Bilinçsiz bir şekilde kitleleri takip etmek, toplumda iradenin yok olması demektir. Kitleler bir amaca odaklandıkları için iradelerini topluluğun emrine bırakmışlardır. 

Orada birisi koşun derse kitleler koşar; birisi durun dediğinde de kitleler dururlar. Onlar niçin koştuklarını ya da niçin durduklarını bilmezler. Kitle olmak toplumsal olarak bir güç, bireysel olarak da yok oluştur. Aynı zamanda kitleler, birileri tarafından kasıtlı olarak bir alana yönlendirildiğinde ise büyük bir tehlike oluştururlar. Çünkü kitleleri yönlendirmek ve yok etmek;  bireyleri yönlendirmek ve yok etmekten çok daha kolaydır. Emperyalist düzen, ağzı bağlı bir çuvala doldurulmuş kitleleri, satın aldıkları liderin sırtına yükleyerek istedikleri gibi yönlendirmeyi bir sistem hâline getirmişlerdir.

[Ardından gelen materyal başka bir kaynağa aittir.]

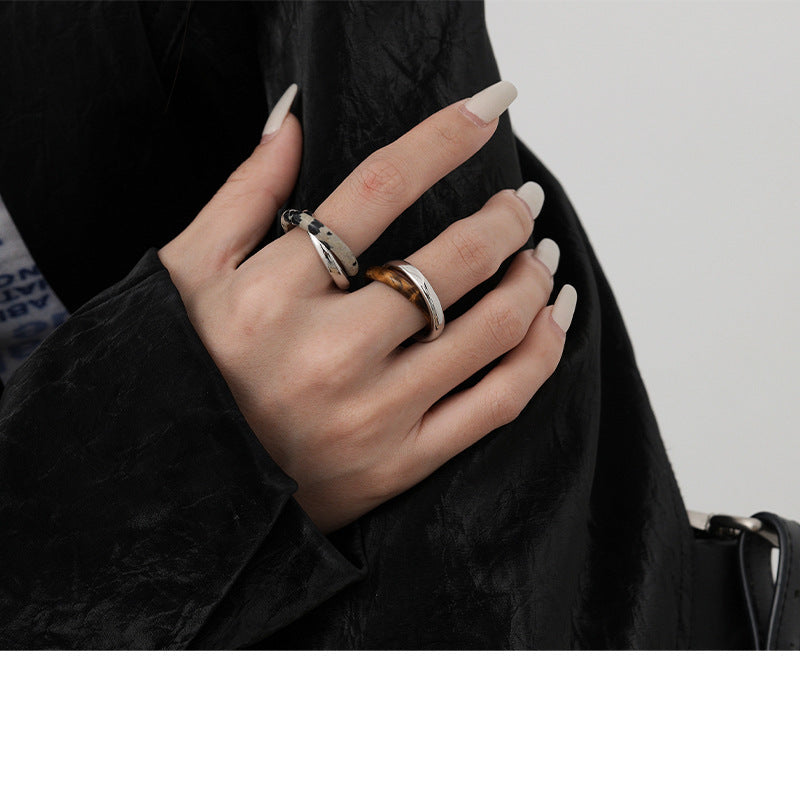 Wholesale Luxury Exquisite Natural Stone Agate Tiger Eye Double Ring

 Kalabalıkların aklı tek bir akla dönüştüğü için, insanalar tek akıl, tek tip olmakta, tek akıl ve tek tip insanların neyi yapıp, neni yapamayacakları tahmin edildiği için onları mağlup etmek de çok kolay olmaktadır.

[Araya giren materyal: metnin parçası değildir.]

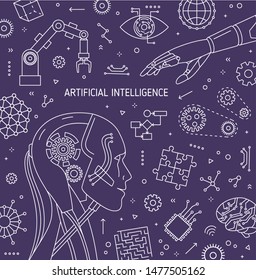 Square banner template with robot head, robotic arm, automatic manipulator, innovative technology devices. Artificial intelligence and machine learning. Monochrome vector illustration in linear style.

Kalabalıklar içinde şahsiyet yakalamak zordur. Kalabalıkta yığın hâline dönüşen insanlar, düşünceyle değil komutla hareket ederler. Bu nedenle onların iradeleri olmaz. Kalabalıklar koroya benzer. Koroya katılan kişinin sesinin güzel olmasının bir anlamı olmaz, orada kişiden beklenen, koraya güzel bir şekilde ayak uydurması, koranın ritmini bozacak hareketlerden kaçınmasıdır.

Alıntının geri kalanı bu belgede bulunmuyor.